Distance between points on a regular tetrahedron

[Sorcerer]

I suck at geometry, but I have this intuitive notion that the points on the corners of a regular tetrahedron are all equidistant. How do I go about proving this true (or false, if I'm wrong)? Note that the highest geometry class I've taken is high school, but I'm okay with any undergraduate math.

The shape is made of nothing but equilateral triangles, and the points obviously for each one are equidistant, and just thinking about it there are several axes upon which the shape has rotational symmetry for three flips. Four, I think.



Also, as an aside, if there is a generalized version of this for higher dimensions I'd be interested to see it.
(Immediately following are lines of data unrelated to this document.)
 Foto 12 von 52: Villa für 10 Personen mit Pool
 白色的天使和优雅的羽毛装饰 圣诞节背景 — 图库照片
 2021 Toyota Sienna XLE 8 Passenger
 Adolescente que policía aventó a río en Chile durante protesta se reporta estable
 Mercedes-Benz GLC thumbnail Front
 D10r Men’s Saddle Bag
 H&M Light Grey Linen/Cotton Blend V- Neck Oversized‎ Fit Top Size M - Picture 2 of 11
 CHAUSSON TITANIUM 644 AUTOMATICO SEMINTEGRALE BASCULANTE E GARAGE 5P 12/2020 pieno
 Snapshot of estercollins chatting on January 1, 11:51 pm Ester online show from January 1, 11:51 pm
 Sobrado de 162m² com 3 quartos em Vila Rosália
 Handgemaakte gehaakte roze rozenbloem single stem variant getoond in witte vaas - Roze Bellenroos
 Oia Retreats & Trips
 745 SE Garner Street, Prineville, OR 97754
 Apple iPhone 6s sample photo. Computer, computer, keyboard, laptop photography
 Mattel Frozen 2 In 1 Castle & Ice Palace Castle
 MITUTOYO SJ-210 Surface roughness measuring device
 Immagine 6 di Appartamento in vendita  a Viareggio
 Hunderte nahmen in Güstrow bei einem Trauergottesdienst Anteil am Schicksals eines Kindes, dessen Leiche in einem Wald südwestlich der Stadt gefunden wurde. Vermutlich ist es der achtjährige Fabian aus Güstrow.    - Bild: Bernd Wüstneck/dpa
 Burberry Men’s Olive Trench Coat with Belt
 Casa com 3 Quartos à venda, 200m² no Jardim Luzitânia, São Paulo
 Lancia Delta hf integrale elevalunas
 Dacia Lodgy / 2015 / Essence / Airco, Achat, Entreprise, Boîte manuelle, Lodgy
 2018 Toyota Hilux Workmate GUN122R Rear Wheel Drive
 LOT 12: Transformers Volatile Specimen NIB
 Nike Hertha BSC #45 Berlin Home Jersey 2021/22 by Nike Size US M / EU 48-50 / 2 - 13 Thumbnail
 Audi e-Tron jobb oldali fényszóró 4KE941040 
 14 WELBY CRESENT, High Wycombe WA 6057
My guess is that a regular tetrahedron is the shape that arises when four points are equidistant, and I suspect it is not possible to add a fifth point and have all five equidistant in three dimensions. But this is all intuitive. How do I verify this?


Thanks!

 

[mfb]

That is the definition of a regular tetrahedron.

The shape is made of nothing but equilateral triangles

Of the same side length. These side lengths are the distances between the corners.

My guess is that a regular tetrahedron is the shape that arises when four points are equidistant, and I suspect it is not possible to add a fifth point and have all five equidistant in three dimensions. But this is all intuitive. How do I verify this?

That is right and you can find a 4-dimensional shape with five equidistant points. You can prove that a line, a triangle and a tetrahedron are the only options to arrange 2,3,4 points such that all pairs have the same distance, and it is easy to show that you cannot add a fifth point in three dimensions with the same property.

 

[Sorcerer]

That is the definition of a regular tetrahedron.Of the same side length. These side lengths are the distances between the corners.That is right and you can find a 4-dimensional shape with five equidistant points. You can prove that a line, a triangle and a tetrahedron are the only options to arrange 2,3,4 points such that all pairs have the same distance, and it is easy to show that you cannot add a fifth point in three dimensions with the same property.

Thanks. I can easily see this in two-dimensions with just an equilateral triangle. Any other point on the 2D plane will be closer to one or some points but further from others. It's also easy to see on the one dimensional number line (assuming you can't have two or more points at the same location, of course).

Now, I'm making a guess here, but if I could figure out a way to translate the geometry into "math language," would induction be a good way to prove that the number of points that can be equidistant from each other is one more than the number of dimensions? I.e., if D = 3, then the maximum number of points that can be equidistant is D + 1 = 4. You know, first prove it true for D = 1, then prove that if it's true for D = n then it's true for D = n + 1? Again, I'm throwing darts blindly, and I'm probably way off, but since there seems to be a +1 relationship between dimension and number of equidistant points I'm wondering if that's the way to go.

 

[mfb]

Induction is a good approach, yes. Show that there are no points with the same distance to all existing points in the same dimension. Show that there is no third point on a line. The third one has to be in a plane. For a given plane there are just two options for the place of the third point. A fourth point cannot be at either of them (one distance is too large or too small) - but you can add it if you go to three dimensions. And so on.